= Exercise aim =
Return the material below exactly, but only from the line with "Glycopyrrolate injection, USP" through the line with "Light Luxury Modern", and without its pictures.

= Input records =
━━━━

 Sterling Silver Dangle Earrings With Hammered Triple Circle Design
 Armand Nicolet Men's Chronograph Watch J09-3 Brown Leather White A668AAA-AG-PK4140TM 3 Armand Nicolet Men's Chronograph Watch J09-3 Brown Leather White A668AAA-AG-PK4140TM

━━━━

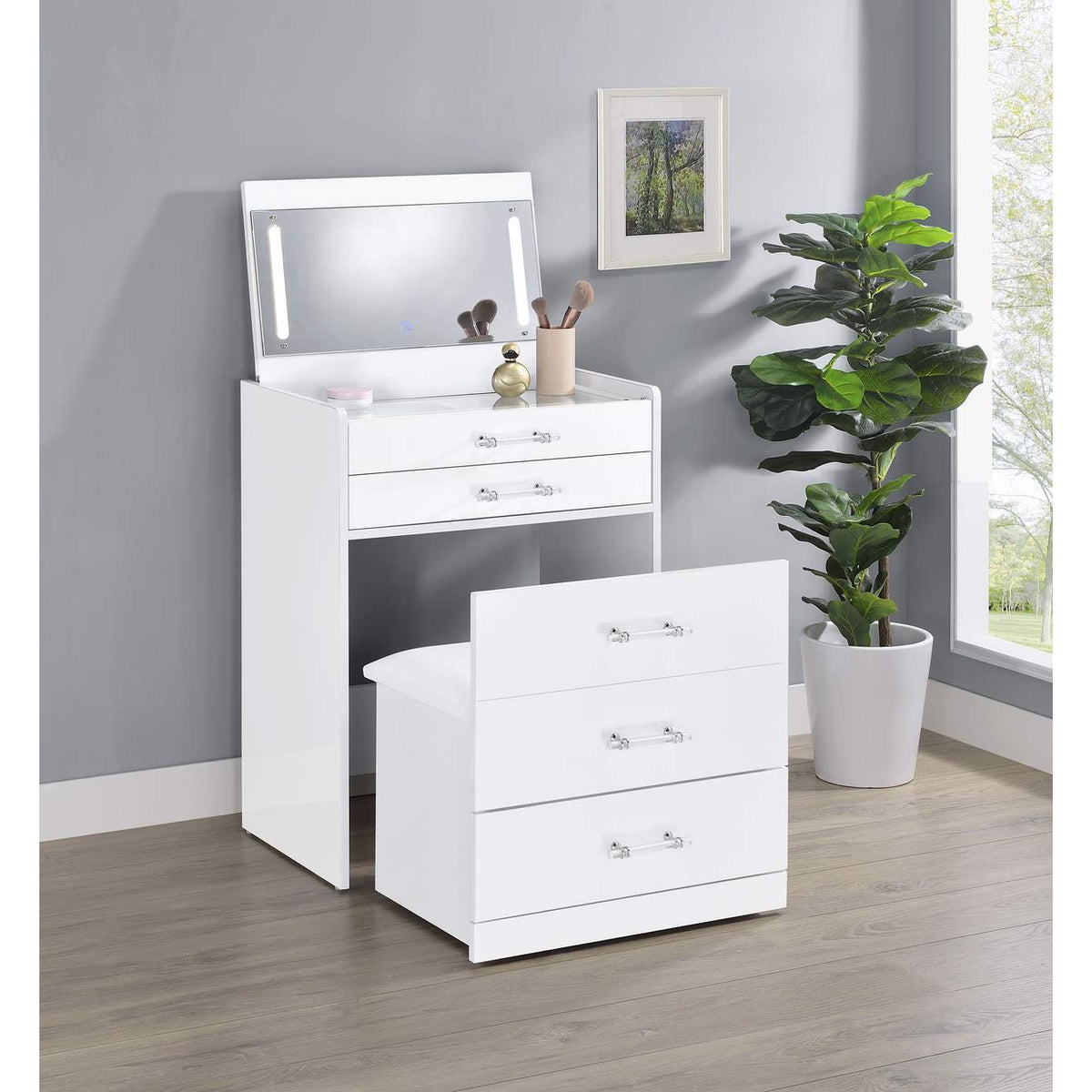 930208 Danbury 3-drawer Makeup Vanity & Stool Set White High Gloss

━━━━

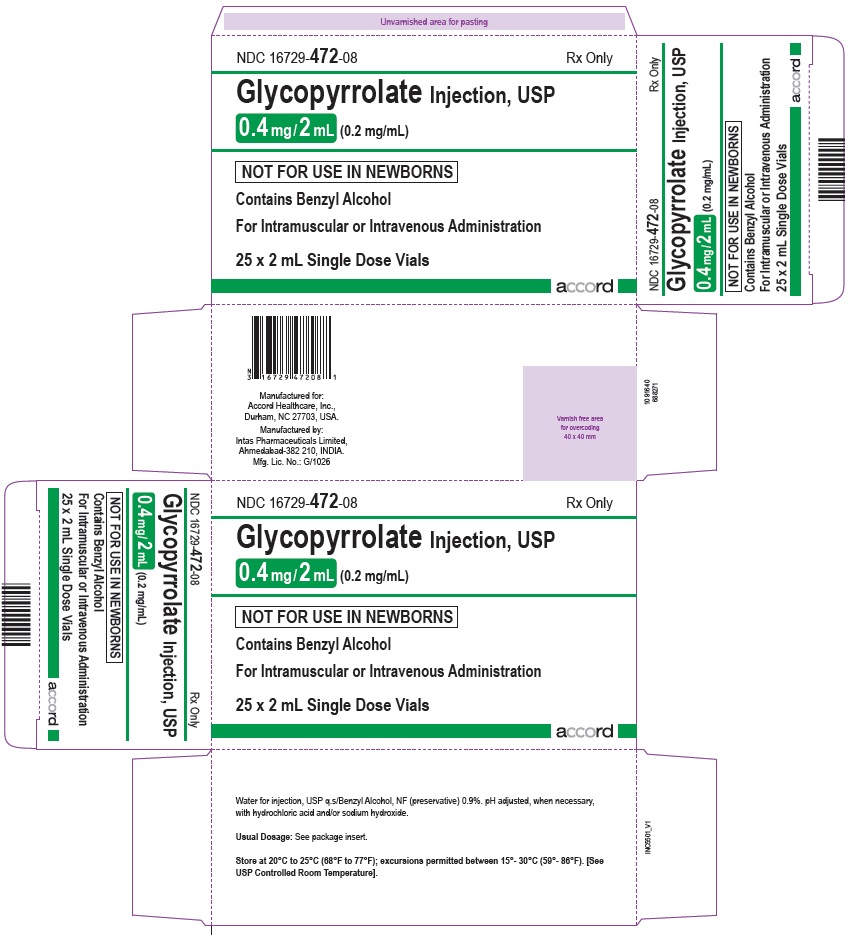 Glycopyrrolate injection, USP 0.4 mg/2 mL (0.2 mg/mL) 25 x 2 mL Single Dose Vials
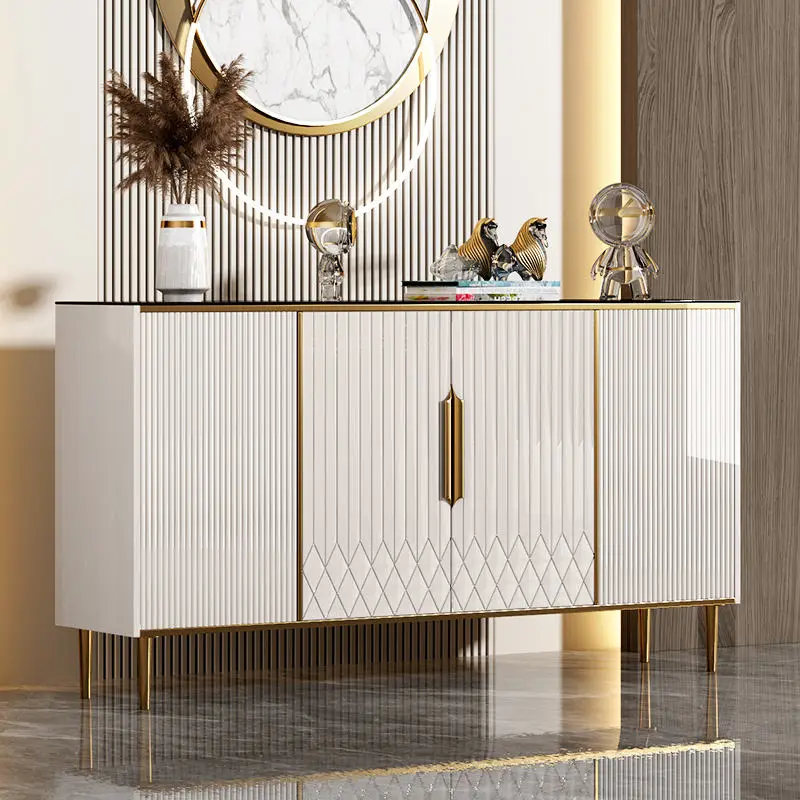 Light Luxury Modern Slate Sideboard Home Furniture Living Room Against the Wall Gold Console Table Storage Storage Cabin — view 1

━━━━

= Response area =
 Glycopyrrolate injection, USP 0.4 mg/2 mL (0.2 mg/mL) 25 x 2 mL Single Dose Vials
 Light Luxury Modern Slate Sideboard Home Furniture Living Room Against the Wall Gold Console Table Storage Storage Cabin — view 1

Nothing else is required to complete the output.